Grapes: Tinto fino (100%)
Tasting notes: Three centuries in the making, this wine shows the Torres family quality. The colour is dark and sexy, exhibiting smokiness and notes of berries, and it’s very smooth on the palate. It’s $25.99, which is a great value for collecting.
Grapes: Carinena, Garnacha, and Syrah
Tasting notes: it’s about wine with a “dry farming” scenario, with the area known for its harsh climate and tough conditions. The story behind is interesting but the taste of the wine is not as memorable as the rest. ($50)
Grapes: Carinena, Garnacha, and Syrah
Tasting notes: this 50-dollar premium red blend exhibit a lot of potentials, with a good depth of flavour and a mineral character. However, it would taste even better after it’s aged because I could still taste the rawness of a younger wine.
Grans Muralles 2010
Grapes: Garnacha Tinta, Carinena, Monastrell, and the ancestral grapes Garro and Samso/Querol.

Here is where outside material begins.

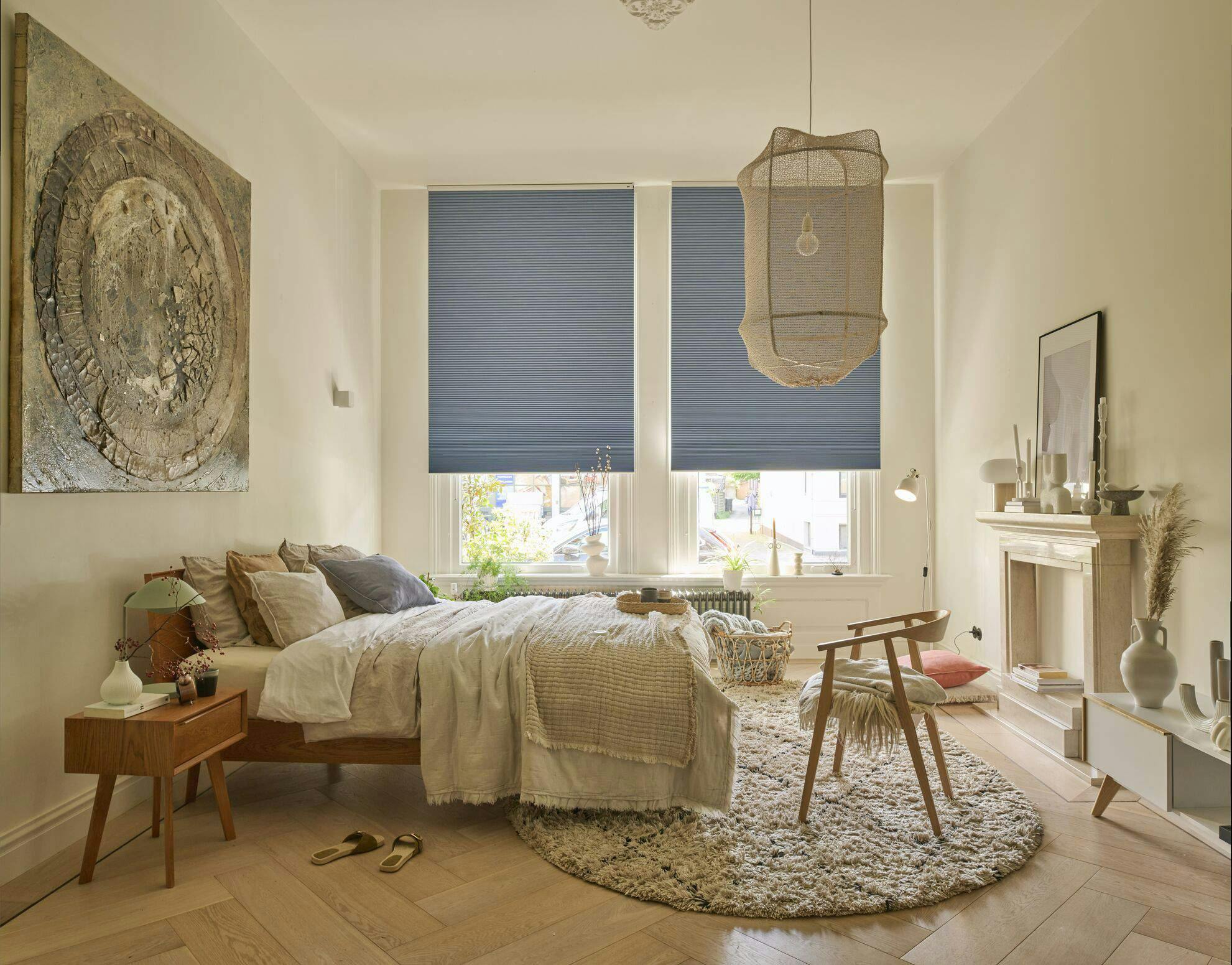 Blue duette shades in a bedroom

Tasting notes: It is the crown jewel of the evening ($120 ~ 140). Garro and Querol were to believed to be extinct, but discovered again, making this wine very special with such such unique flavours. I really enjoyed this wine, which possesses the complexity to match up with many premium red wines in the world.
Mas La Plana 2012
Grapes: 100% Carbernet Sauvignon.
Tasting notes: this premium red wine ($68) is all about balance. Having won a number of international awards over some of the French wines. The history behind it is amazing. This is one of the most important wines that put Spain on the map of world-class wines in 1970’s. It is very clean tasting and showed a luxurious quality on the palate.
Floralis Moscatel Oro
Grapes: 100% Muscat d’Alexandrie
Tasting Notes: It’s floral. It’s sweet. It’s delightful! It is one of the Mediterranean’s most characteristic dessert wines ($30). They have been making it since 1946. I
The $65 event was all sold out and for a very convincing reason – it’s one of the biggest highlights of this year’s theme for VIWF – “The Wines from Spain and Portugal”. A number of beautiful Spanish wines were discussed and poured, from iconic wine regions like Priorat and lesser-known appellations like Conca de Barberà. In the end, it was the winemaking philosophies behind this great family that had captured many wine lovers’ hearts, including mine. A food and wine tour to Spain is definitely on my list.